LPF could be improved by extending the schema to include an optional citation for the dataset itself in the form of CSL JSON. This would provide much of the metadata required for WHG, and allow downloaded datasets to be better cited.

docuracy commented 2 months ago

See also #350 re polygon validation/correction

docuracy commented 2 months ago

Draft LPF v2.0 JSON Schema

Based on v1.2.2 and on example record here. Uses definitions where appropriate to avoid duplication and improve flexibility. Improvement of this schema is fundamental to securing the robustness of WHG data and of its upload and validation.

Questions:

Further improvement:

kgeographer commented 2 months ago

FWIW, there is a new (9 Aug) draft lpo: ontology.
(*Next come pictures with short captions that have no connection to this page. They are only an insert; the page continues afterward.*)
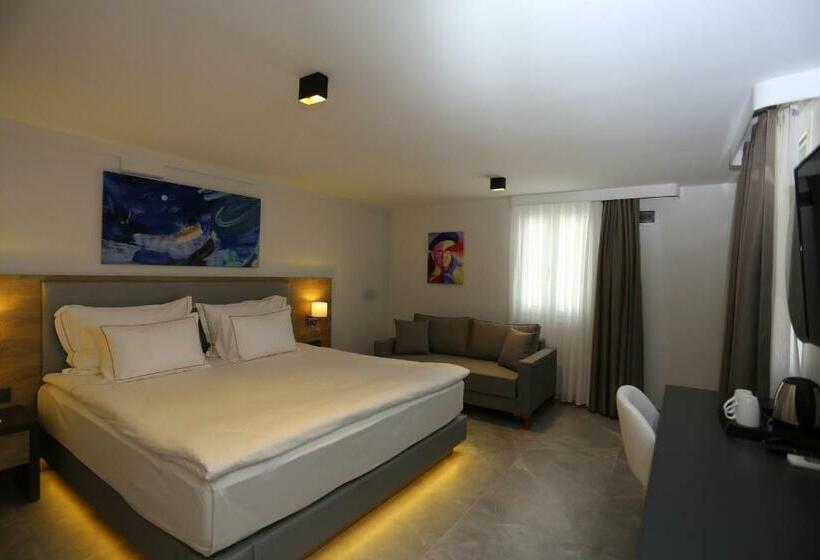 スタンダードルーム, Yalinn Boutique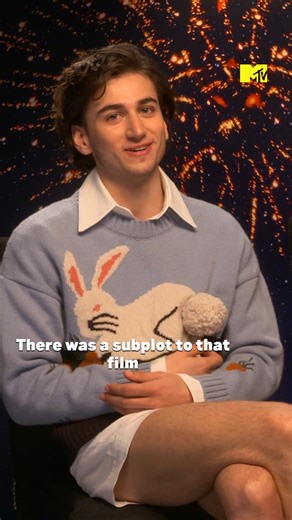 2.5K views | We  love a  sub  plot  #SebastianCroft reveals his unscripted kiss with #TannerBuchanan in #HowToDateBillyWalsh  | MTV Australia | Facebook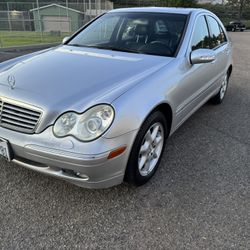 2004 Mercedes-Benz C-Class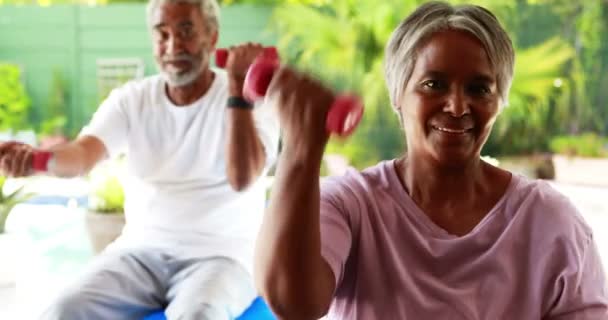 年长的夫妇用哑铃在家锻炼 — 图库视频影像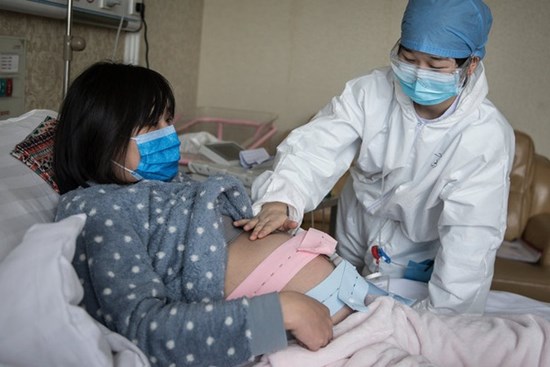 Nói dối để được ở bên cạnh vợ lúc sinh con, người đàn ông khiến các bác sĩ và chính vợ mình có nguy cơ cao nhiễm Covid-19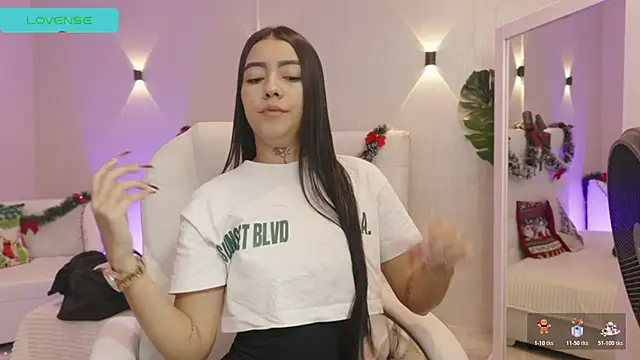 miagomezweb1 online show from December 2025 12:33:02 PM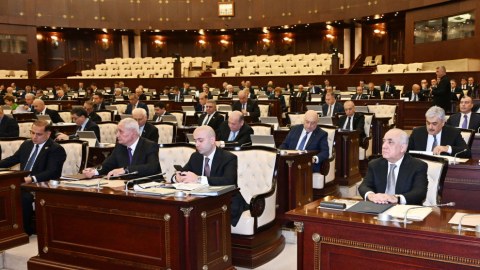 Parlamentdə bu gün kimlər çıxış etdi? - İclasdan FOTOLAR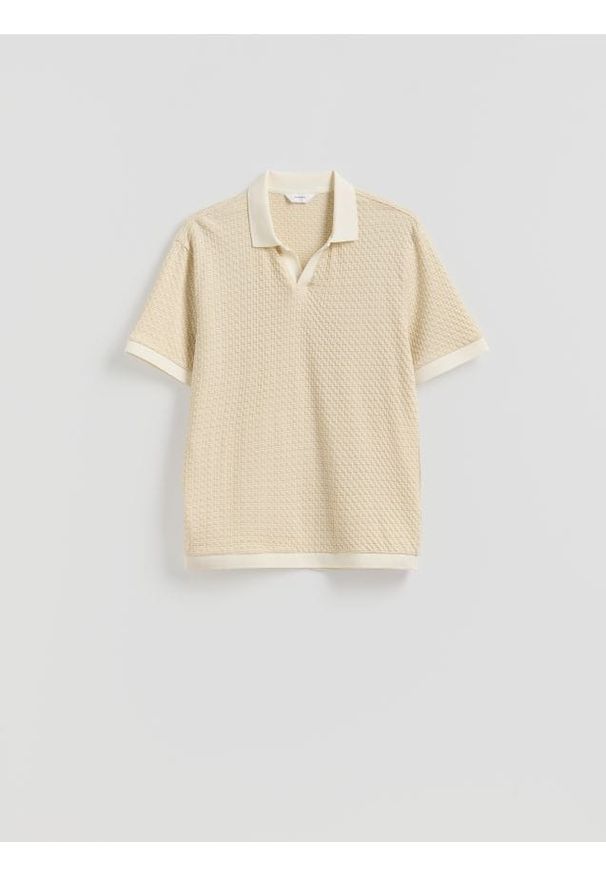 Reserved - Koszulka polo regular fit - beżowy. Typ kołnierza: polo. Kolor: beżowy. Materiał: bawełna, dzianina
Also a corresponding (I think) context file for LPF

Not sure the context matters much as I don't think anyone attempts to do reasoning against LPF as an RDF syntax These were developed in the course of making a .ttl export of WHG place data as an experiment.

docuracy commented 2 months ago

I'm incorporating some of the compaction functionality of pyld for preprocessing uploads, based on the context; we could easily offer downloads that employ the expansion functionality for anyone who wants it.

kgeographer commented 1 month ago

I think json-ld expansion to rdf/xml is very low priority.

Some context: The new draft ontology and context are part of an experimental .ttl serialization, the script for which will be a PR before long. There would be a one-shot off-hours export of all public Place records in some detail, imported to a GraphDB database on another server, where some experimental UI work would happen. The script could be modified in the future to output updates of newly public records for addition to the graph. But that is pending a finding that it is useful in some way. This graph experiment may expand to adding records from other sources.

The impact on WHG for the time being (and quite some time) will be the addition of a single management command that will be accessed only manually - for initial testing on limited number of records, and then one large export.

The exported .ttl is not fully LP format-compatible

docuracy commented 1 month ago

Thanks - json-ld expansion is not even low priority.

It strikes me that because the staging server is running with an exact copy (made a few days ago using this script) of the main database, this kind of thing might best be done there?